┌──

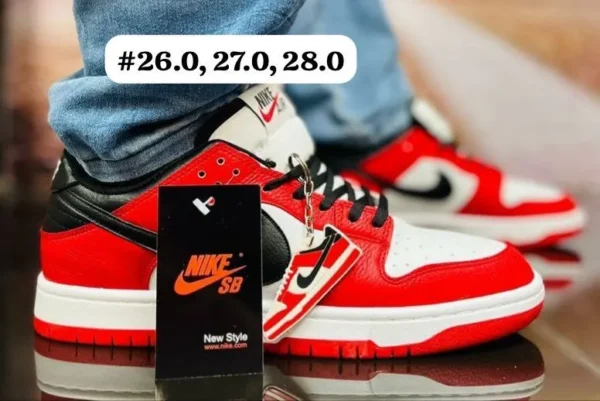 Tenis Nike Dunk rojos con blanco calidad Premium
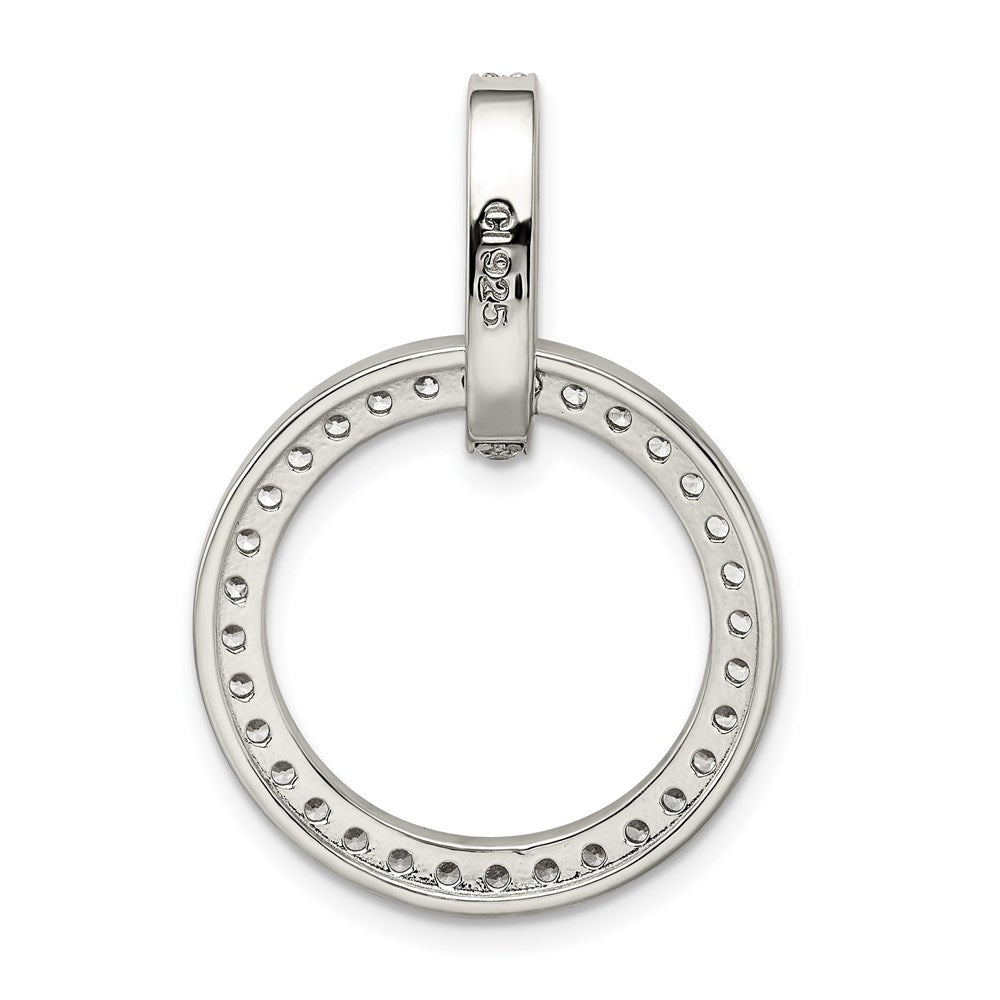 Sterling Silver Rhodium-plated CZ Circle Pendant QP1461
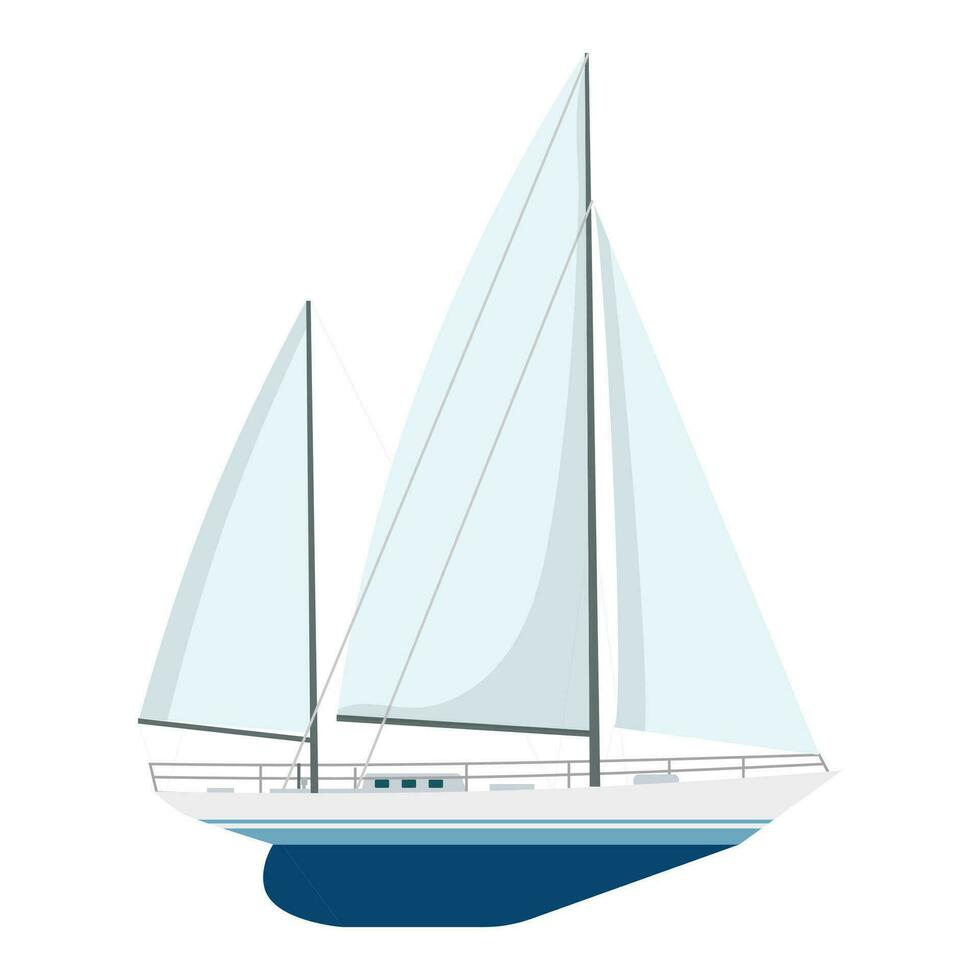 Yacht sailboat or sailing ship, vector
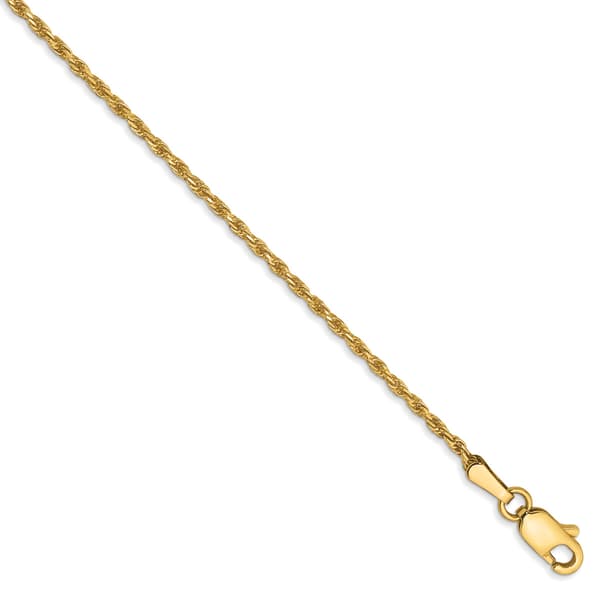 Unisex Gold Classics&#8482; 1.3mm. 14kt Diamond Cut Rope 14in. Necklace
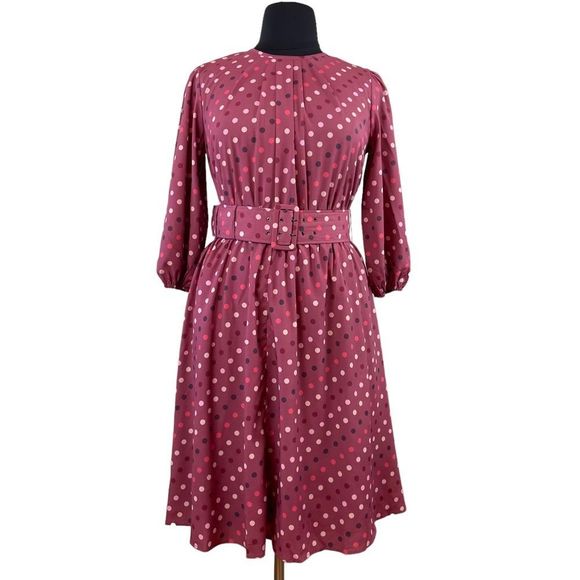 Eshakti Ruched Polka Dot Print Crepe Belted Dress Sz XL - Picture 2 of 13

└──
┌──

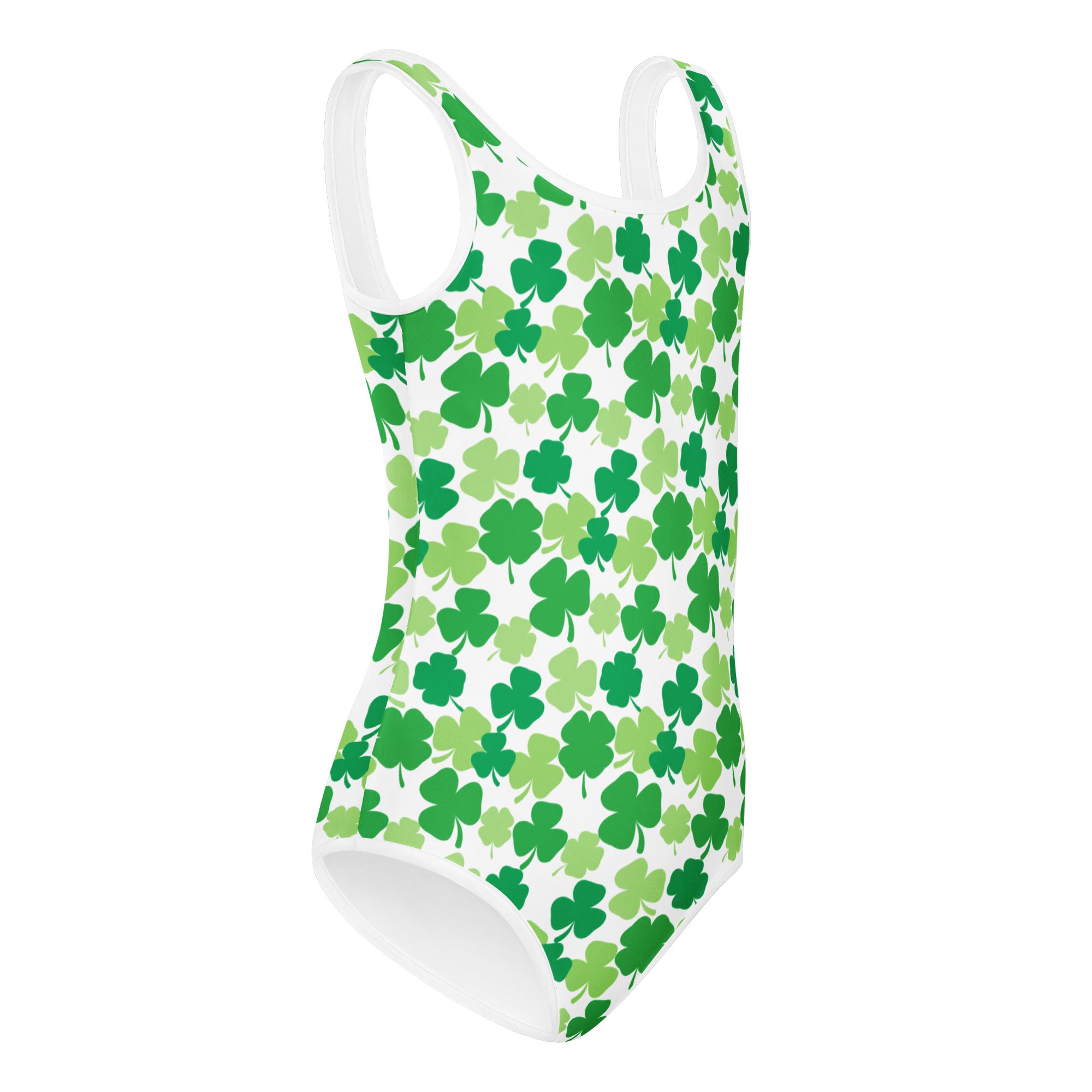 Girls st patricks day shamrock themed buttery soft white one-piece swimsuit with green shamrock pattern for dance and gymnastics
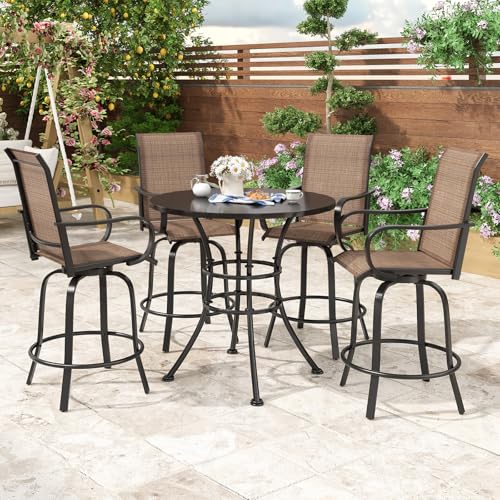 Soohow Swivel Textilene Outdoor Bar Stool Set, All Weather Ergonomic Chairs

└──
┌──

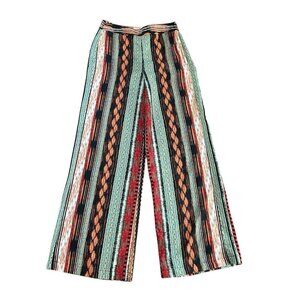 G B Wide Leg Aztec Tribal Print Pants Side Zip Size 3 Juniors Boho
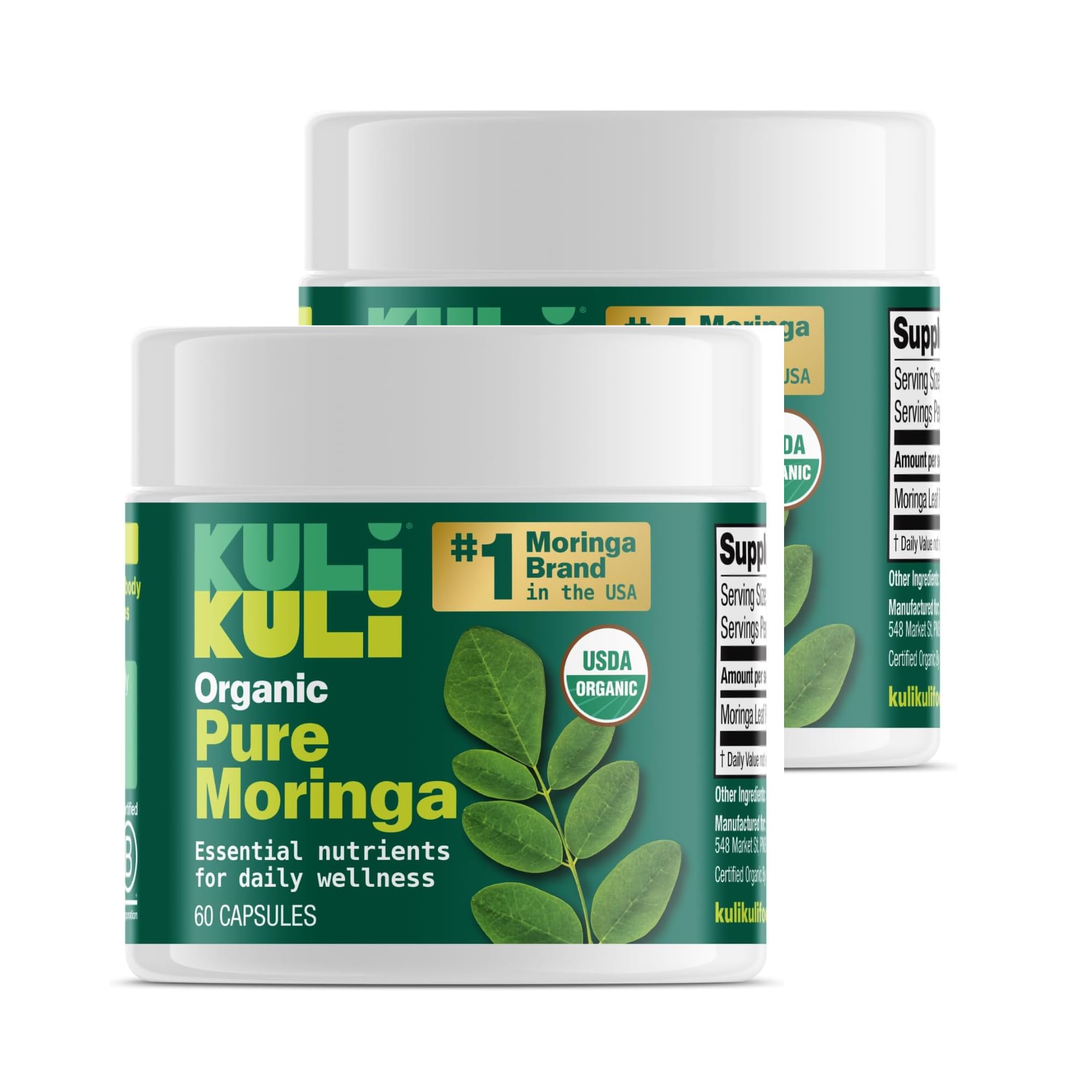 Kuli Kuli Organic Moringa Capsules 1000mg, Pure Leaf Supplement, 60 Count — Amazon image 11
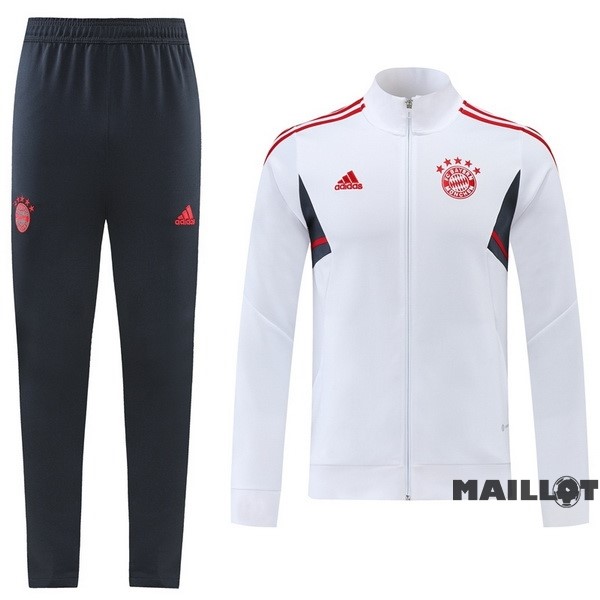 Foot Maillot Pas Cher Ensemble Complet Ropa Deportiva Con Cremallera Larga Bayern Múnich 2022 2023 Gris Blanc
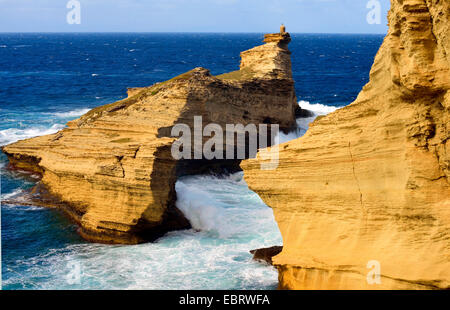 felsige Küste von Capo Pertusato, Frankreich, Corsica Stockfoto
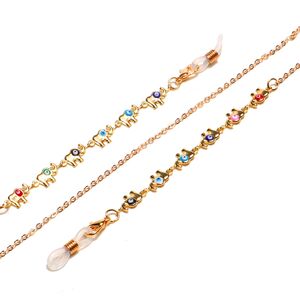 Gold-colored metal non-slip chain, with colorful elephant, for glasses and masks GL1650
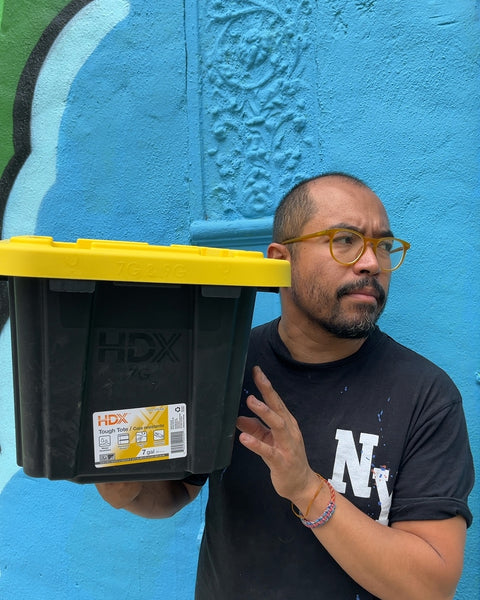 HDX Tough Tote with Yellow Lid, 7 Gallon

└──

Extract, without any images, the part of the material above that opens with the line containing "Tenis Nike Dunk" and closes with the line containing "Eshakti Ruched Polka Dot", both lines included.

 Tenis Nike Dunk rojos con blanco calidad Premium
 Sterling Silver Rhodium-plated CZ Circle Pendant QP1461
 Yacht sailboat or sailing ship, vector
 Unisex Gold Classics&#8482; 1.3mm. 14kt Diamond Cut Rope 14in. Necklace
 Eshakti Ruched Polka Dot Print Crepe Belted Dress Sz XL - Picture 2 of 13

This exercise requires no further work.